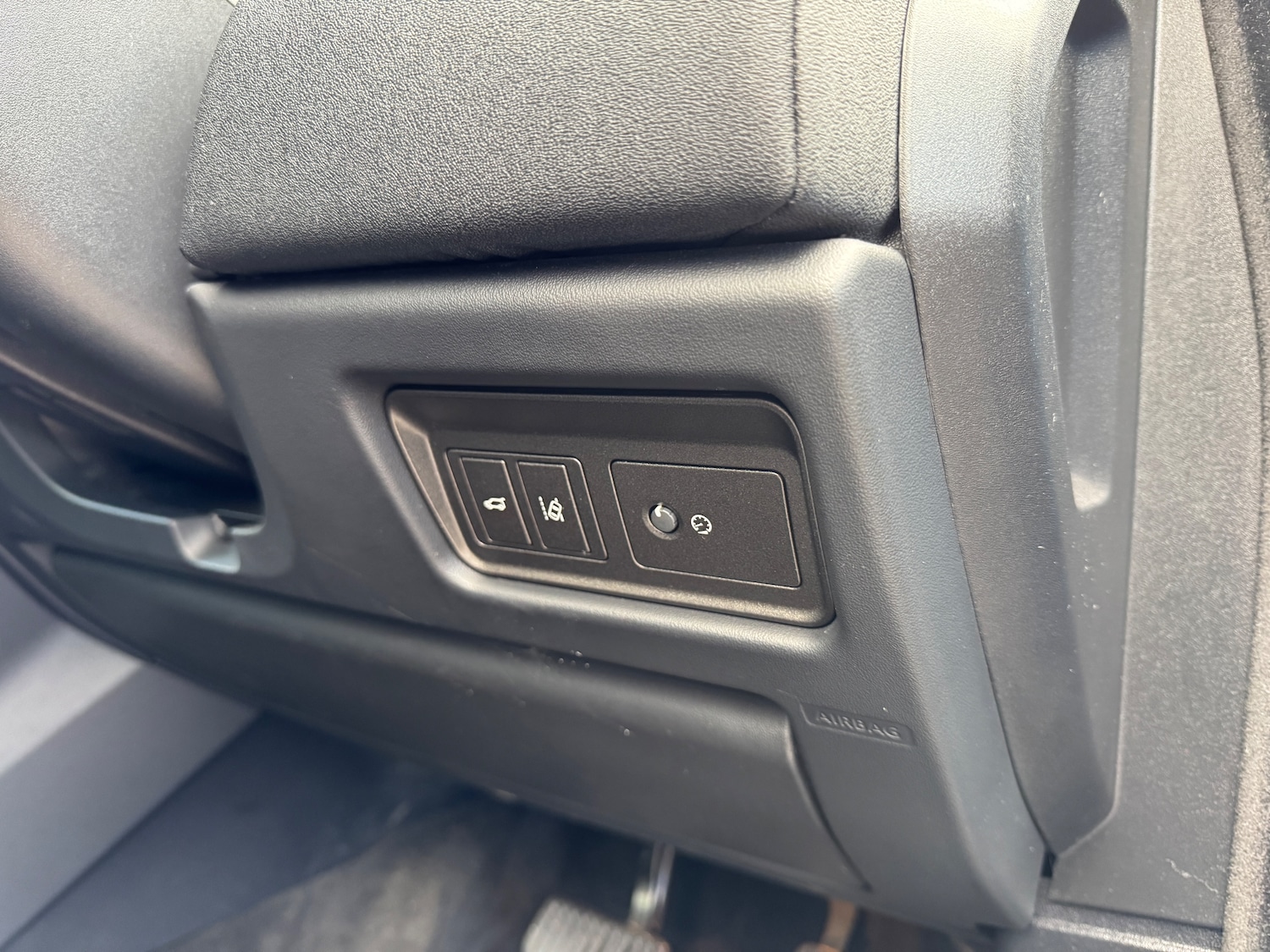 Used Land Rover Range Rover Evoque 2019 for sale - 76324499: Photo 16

---

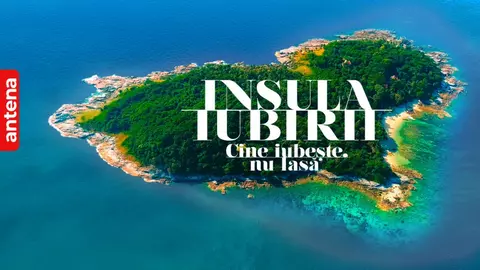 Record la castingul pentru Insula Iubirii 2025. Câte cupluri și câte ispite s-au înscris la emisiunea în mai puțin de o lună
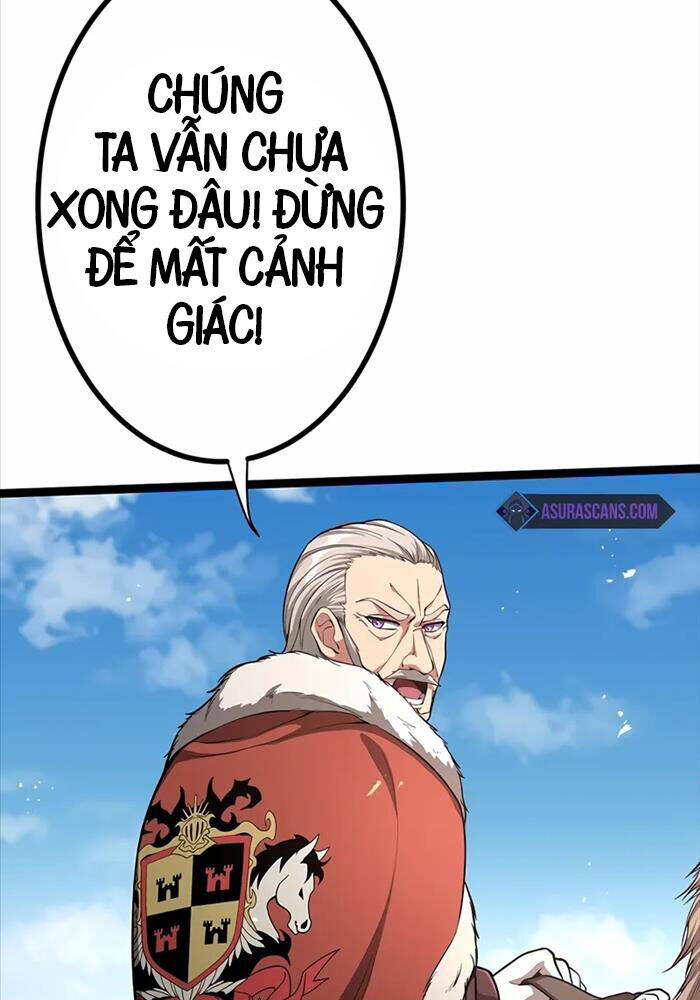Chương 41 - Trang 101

**Exercise prompt**:
Print the part of the listing above that opens with the line containing "Record la castingul" and closes with the line containing "Chương 41 - Trang 101". Copy it exactly, both ends included, and omit the pictures.

**Task answer**:
 Record la castingul pentru Insula Iubirii 2025. Câte cupluri și câte ispite s-au înscris la emisiunea în mai puțin de o lună
Chương 41 - Trang 101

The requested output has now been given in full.